Not All Infra Deserves Code

Some parts of your infrastructure don’t need fancy IaC pipelines, complex tf modules, or daily deployments—they just need to be set up once, left alone, and kept simple to age gracefully.

Sep 24, 2025

We’ve mostly won the battle: Infra-as-Code is the default. Terraform, Pulumi, CDK, CloudFormation—pick your flavor. It’s how we define infrastructure these days, and rightfully so. Declarative, testable, reproducible infrastructure? Yes, please.

But after a few years in the trenches, a funny pattern emerges: some parts of your infrastructure change constantly, while others are barely touched. And yet, we often treat them the same way—codifying everything with the same rigor, versioning it, deploying it through CI/CD pipelines.

The result? Some of our infra-as-code ages like milk.

The Problem with Code That Outlives Its Usefulness

Let’s start with the obvious: code ages. Infrastructure code is no exception. What once felt clean and elegant becomes un-runnable eighteen months later:

A Pulumi stack fails because a minor SDK update changed a default value.
A Terraform state file becomes incompatible with a newer binary version.
A resource is removed or renamed in the cloud provider’s API, and your IaC provider doesn’t catch up in time. Resource replacements coming in your way as no one still checks the deployment preview anymore (it always* works)
An old module relies on a provider that was last maintained during the Kubernetes 1.18 era.

This is the entropy of software systems. It’s not a bug—it’s a feature of time1.

Hyrum’s Law reminds us that all observable behaviors will eventually be depended on. The moment your IaC becomes the interface for your team, it’s now part of their expectations; followed by strict reliability expectations, might I add, as everyone is hopefully getting used to near 100% availability at this point. Change becomes risk. Meanwhile, some of this code hasn’t been touched in years.
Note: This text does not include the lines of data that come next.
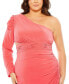 ფოტო #3 პროდუქტის Women's Plus Size Long Sleeve One Shoulder Fringe Embellished Gown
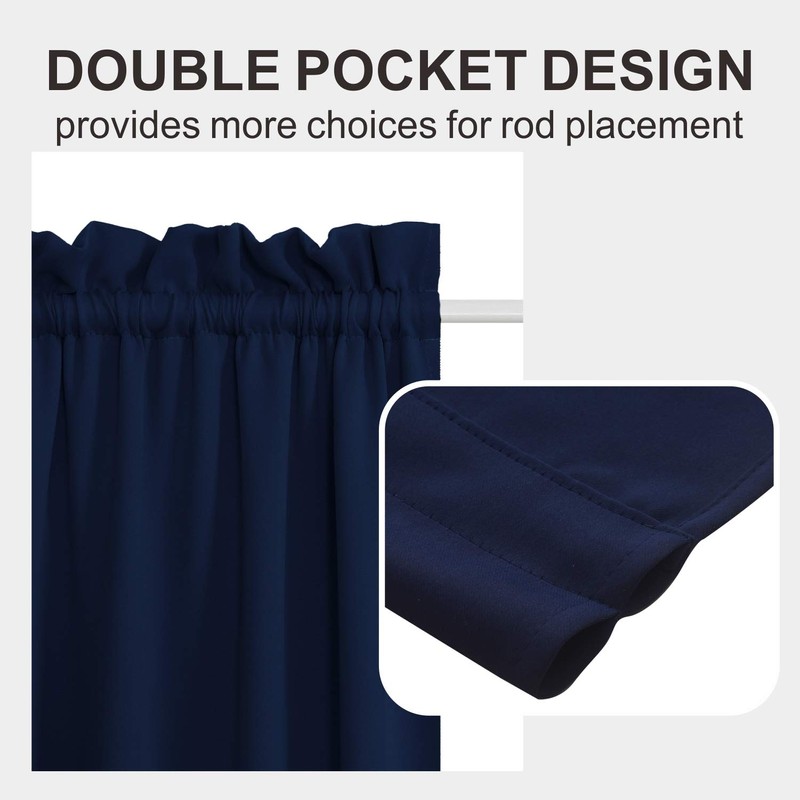 Aquazolax French Door Curtains Drapes - Readymade Solid Blackout Glass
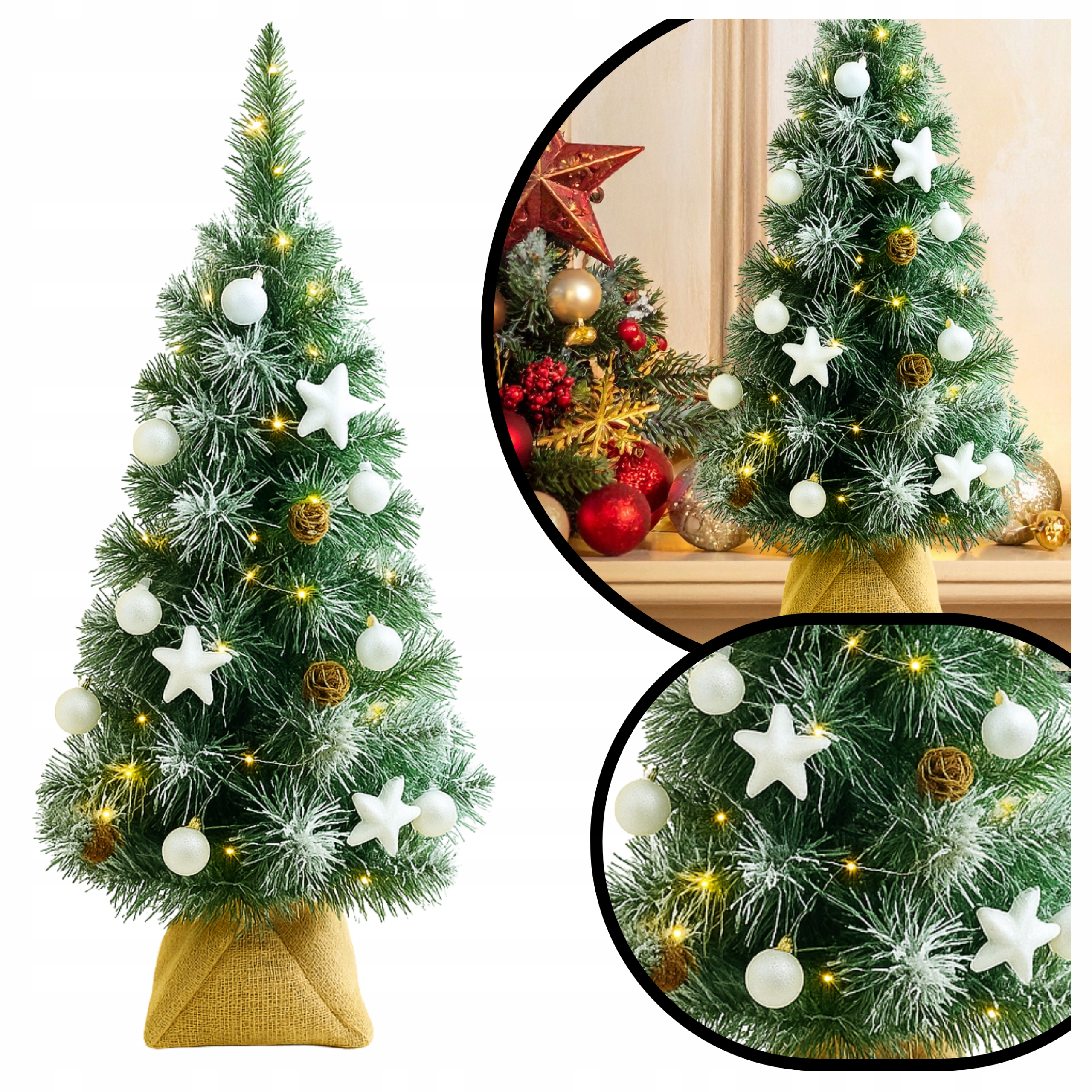 Malá Umelý Vianočný Stromček zdobená Šiškami S Bombičkami 55 cm, biela, Lampičky 20LED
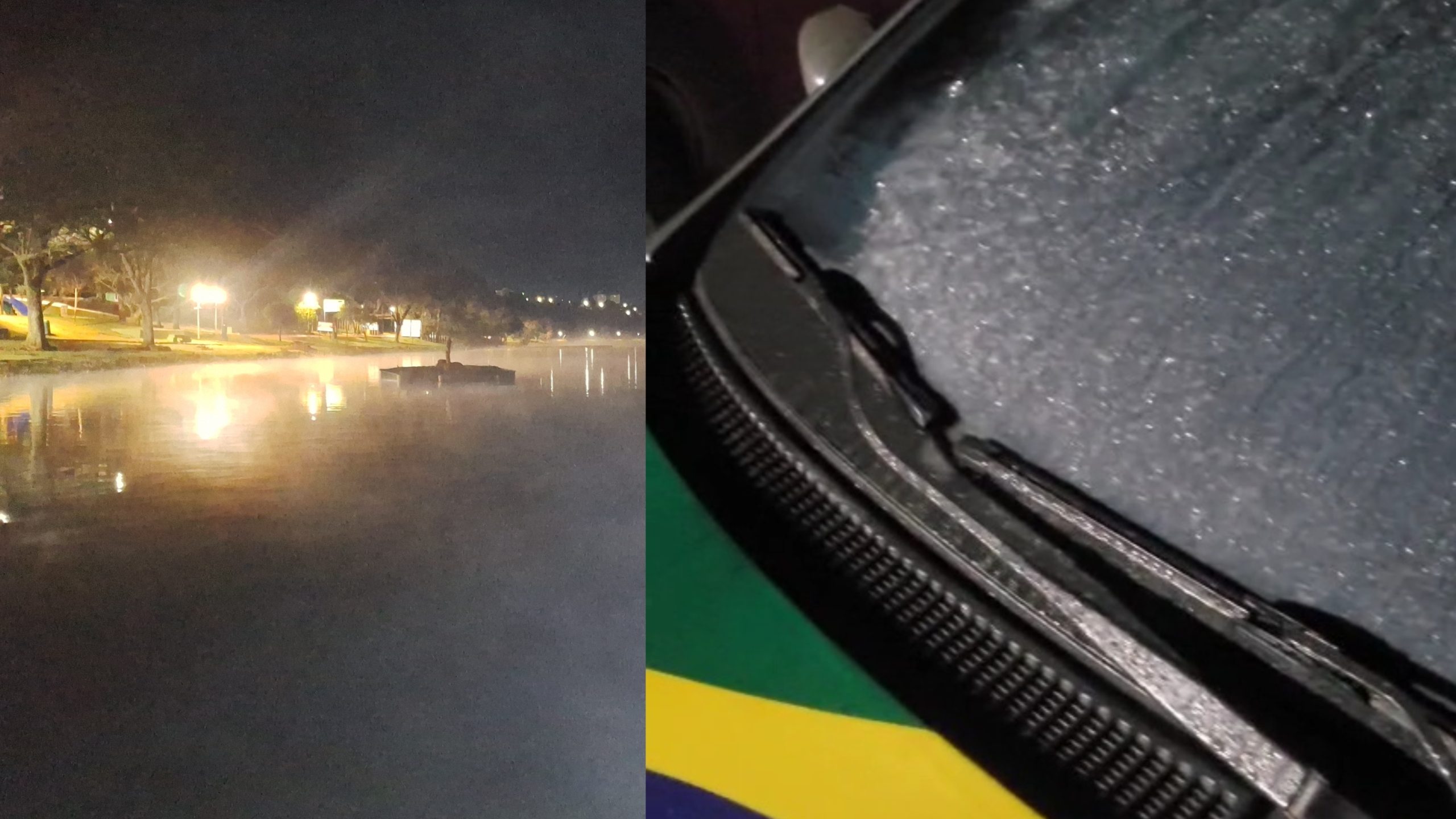 Frio intenso congela veículos e muda cenário em Cascavel nesta quarta-feira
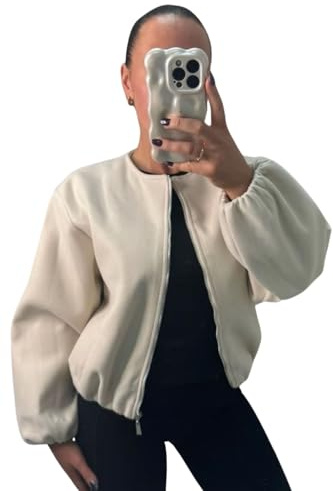 Women’s Balloon Sleeve Zipper Bomber Jacket, Ladies Lightweight Stylish Zip-Up Coat with Trendy Balloon Sleeves for Casual Elegant Outfits (Beige, 8-14)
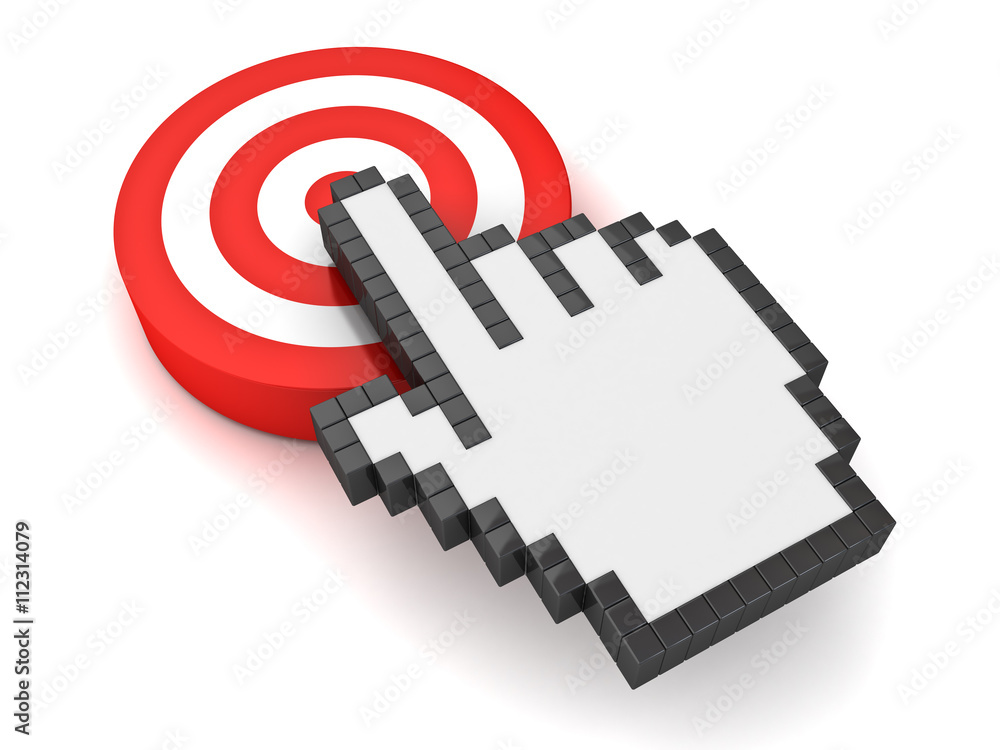 Hand cursor mouse computer clicking in the center of the red dart board or target concept isolated over white background with shadow. 3D rendering. Hand cursor mouse computer clicking in the center of the red dart board or target concept isolated over white background with shadow. 3D rendering.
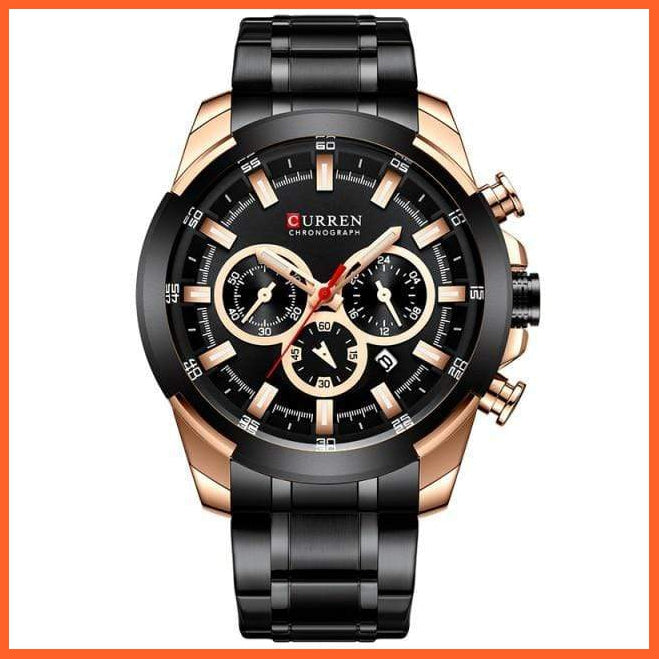 Men’S Watches Top Brand Big Luxury Sports Watch  | Men Military Steel Quartz Wrist Watches Chronograph Gold Design Watch | whatagift.com.au.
Maybe they need just to change a trivial configuration not so often (change the admin email?) but now your whole pipeline needs to run successfully.

Code is Most Useful Where Change is Inevitable

That’s why one of the most useful heuristics in infrastructure is this:

If something changes frequently and is painful to do manually, codify it.

Applications, environments, databases, CI/CD stacks—these are high-churn systems. They benefit enormously from IaC because:

They’re deployed often
Their configuration evolves
They’re tightly integrated with other systems

IaC gives you confidence, observability, and drift detection. It's living, code-like documentation of the current state. It's the only reasonable approach when you're touching things daily or weekly. There's code all around the application and your IaC is just part of that. The effort to maintain that running is just shared with the rest.

But on the other end of the spectrum...

The Long-Tail of Rarely Touched Infrastructure

Here’s a short list of things you might set up once and never touch again:

SAML or OIDC configuration for a SaaS provider
Bootstrap of the first AWS/GCP project in a new org
Setting up root credentials or creating a billing account
Uploading a domain validation file to an S3 bucket
Creating an AWS Organization structure or the GCP folder/project tree
Defining that one vaultId that you need in your CI environment.

These are one-and-done steps, often before your platform exists. Most of the time you need at least a few manual steps (like creating the first credentials) And yet, we sometimes bake these into IaC components on day one of the product, or worse—shove them into a dedicated repo managed by the DevOps team with the kind of rigor you’d reserve for production DB migrations.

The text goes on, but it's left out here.